• Hristo Piyankov

Artificial intelligence, machine learning, predictive and prescriptive analytics, inference –

Updated: Nov 23, 2020

… and this is just the “marketing” subset of terms. If we deep dive further into the technical details, you will hear about classification, clustering, neural nets, supervised and unsupervised learning and so much more.  While each of those bears some form of distinction from the others, in the end, I would argue that they all boil down to one thing – discovering patterns in large data sets.  This is done by using a set of data analysis techniques, which at their very core are also not very different. With the risk of oversimplifying things, each of those techniques tries to describe data in a certain way, in order to minimise a value. This value is usually a measure of the “difference” between the technique output (“description” of the data) and the actual data.
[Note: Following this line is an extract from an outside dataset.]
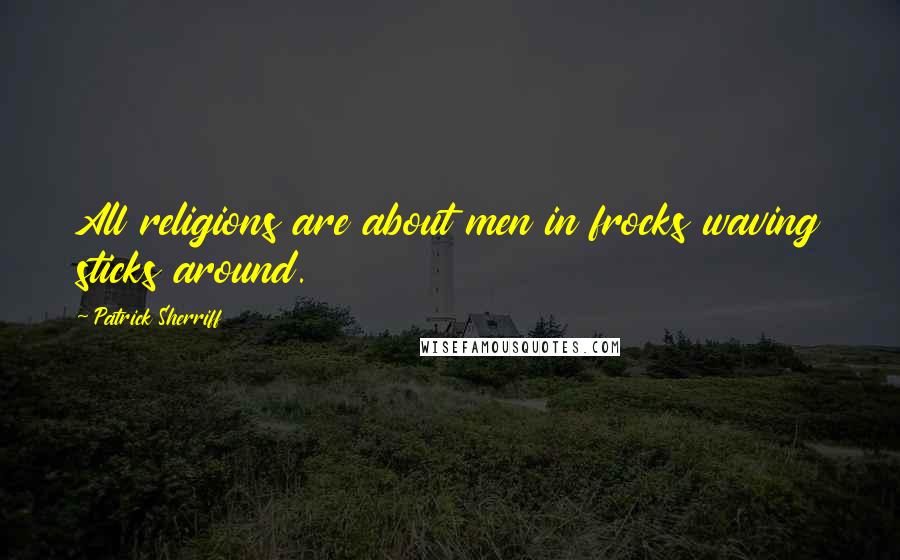 Patrick Sherriff Quotes: All religions are about men in frocks waving sticks around.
Other times it’s a measure of how two variables within the data interact with one another.

This article will not focus on explaining the difference in the definitions of those terms. Any google search can do this for you. Although admittedly if you open ten different sites, it’s likely you will end up with at least five different definitions. In contrast, I would like to focus on classifying groups of techniques depending on their purpose. Afterwards comparing them to one other based on those purposes. At the end, this can give you an idea on what you need to focus on, depending on what you want to achieve.

Classification of models

The most straightforward way we can classify models is by what they are trying to achieve (their final added value). It is important to note that one technique, can be classified into more than one group of models. A great example of this is the Regression. It is so fundamental and so many other techniques build on top of it. Thus it can be classified both as statistical, predictive, machine learning and artificial intelligence model. Its real classification is not dependent on the technique itself, but rather on how it is being used.

In order to illustrate the difference in models better, we will focus on a practical example. Let’s take a look at what a particular group of models might output if they were analysing cancer data.

Relation models. The main focus of those models is describing the relationship between different variables in the data. Alternatively,  between different samples of the data. Those kinds of models is most commonly used in scientific studies and controlled experiments such as drug testing. In our cancer example, a typical output would look lie: “red meat causes cancer with an odds ratio of 1.67″. It is important to note here, that the main goal is not a prediction for an individual person and it’s accuracy. The main goal is describing the relation between variables or samples of data, as accurately as possible.

Terms with typically relate to this group are:

  1. Statistical models

  2. Regression

  3. Pattern recognition

  4. Inference

  5. Odds ratios

  6. Association (market basket) analysis

Predictive models. This set of models generally predicts an individual outcome. Also to provide at least a partial explanation for the reasons behind it. Example: “because you are male, 35 years old, smoke and your red meat consumption are 2 times higher than the average, the probability of you having cancer within the next 5 years is 2%”. The focus here is the individual prediction and the main drivers behind it. This, however, means that you cannot take the drivers in a vacuum (compare them to the outcome individually). Likewise, you cannot make any generalised conclusions regarding the causal effect.

In the area of predictive modelling, you usually hear about:

  1. Regression

  2. Scorecards

  3. Probabilities

  4. Predictions

  5. Correlation & causation

  6. Decision trees

Machine learning models. At their core, machine learning models, focus exclusively on the accuracy of the individual prediction. As a result, they largely ignore any transparency of the modelling technique or the drivers behind the prediction. This is also why they are more commonly used in situations where all the data is available and there are no variables which might be unknown.

It is possible to have a machine learning model saying “within the net 5 years there is 2.345% probability you will have cancer”. However, it is much more common to have model analyse a picture of a tumour and try to classify it as malignant or benign. The reason is that in the first case, we do not really know all the factors which cause cancer in general and there might also be a lot of data which is not available to the model. As a result, we cannot fully trust it without understanding the drivers behind the prediction. In the second example, we have already taken out a lot of the unknown variables and we are just focusing on classifying a subset of the data – a single picture. In this case, there is no additional unknown data.

Machine learning generally refers to:

  1. Neural networks

  2. Support vector machines

  3. Random forests

  4. Deep learning

Forecasting models. Forecasting is about observing change over time and extrapolating this change from past to future periods. Forecasting is actually the category which is most different from the rest. All other models generally focus on a prediction for a pre-defined future period. If they need to evaluate a second, third, etc period – this constitutes creating separate models.  Forecasting, on the other hand, focuses precisely on the change over time. You know that something will happen, the question is what will be the magnitude with relation to time. Furthermore, it works better on pre-aggregated clusters of data, while all other models generally perform better on the lowest level of raw data available. In our cancer example, a forecast would look like “the spending on cancer medications is expected to increase  1.2, 1.4, 1.7 times over the next 1,2,3 years”.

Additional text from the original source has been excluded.